Although being present with the inner journey is essential, following process in Core Process psychotherapy needs to be defined more widely. The therapist may need to decide if and when it is appropriate to use Focusing interventions, and when to engage with the client on a different level. There may be times when reflection and mirroring are important for the client and other times when the therapist needs to challenge, question or voice her/his own responses. As both Gendlin[13] and Ann Weiser Cornell[14] make clear, the crucial difference between a Focusing partnership and a therapeutic alliance is that in psychotherapy the relationship itself is part of the work. For this reason a psychotherapeutic relationship is designated as special and its boundary is kept, while a Focusing companion may be a friend, a relative, a professional Focusing practitioner or simply someone with whom one has a Focusing partnership. Whatever the outside relationship, the role of the companion is the same for the duration of the Focusing session. Very often the companioning will be reciprocal, as it is in co-counselling. If issues come up that are connected with the relationship between the two parties – as they may if Focusing with, say, a life partner – the companion does not engage with them but directs the Focuser’s attention back to the inner process. At the same time the companion remains aware of her/his own felt sense and may perhaps work with it separately in their own session. This approach can be a profound means of discovering the underlying dynamics, but it could sometimes bypass the fact that there is a relationship and leave the client in a rather lonely and solipsitic place. (There is a branch of Focusing, Interactive Focusing,[15] which addresses issues of relationship, but its emphasis is not primarily on what is happening between client and therapist.) In skilful psychotherapy the therapist is both helping the client to deepen her/his inner awareness and also being there as another person, sensing the nature of the relationship and feeding back feelings and responses. What happens between is essential, as well as what happens within. Processes such as transference, projective identification and denial of the relationship all call forth a response from the therapist which might not be adequately expressed by simple reflection.

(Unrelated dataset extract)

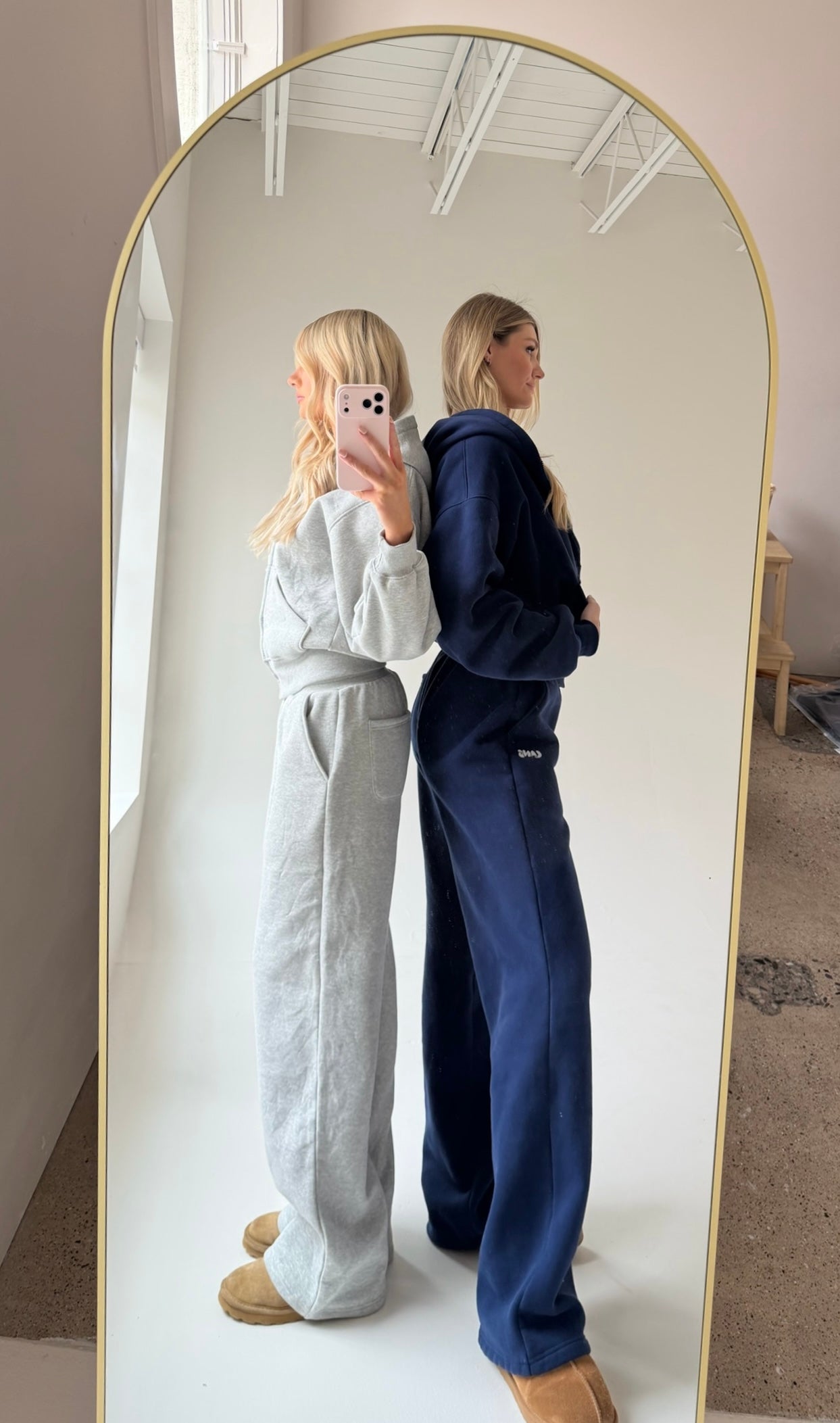 Navy Blue Satin Hoodie Set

Compared with Focusing the process of psychotherapy is often broader and less intense. The psychotherapist is concerned with the client as a whole, and the context of the client’s life, the day-to-day, sometimes trivial detail, the whole aspect of ‘story’, needs to be honoured and valued. I remember how important it was in my own therapy when I first realised that my therapist was interested in me as a person and not just in my ‘stuff’. I didn’t have to go into a deep piece of process but could be there as I was and still be held in the relationship. I can also think of one client for whom simply sitting there in relationship and being ordinary, without diving into the felt sense, was difficult and enormously worthwhile. However, I do not underestimate the importance of working with the felt sense within psychotherapy. I am also not implying that Focusing does not value these other elements of a person’s process, though it does not work primarily at that level.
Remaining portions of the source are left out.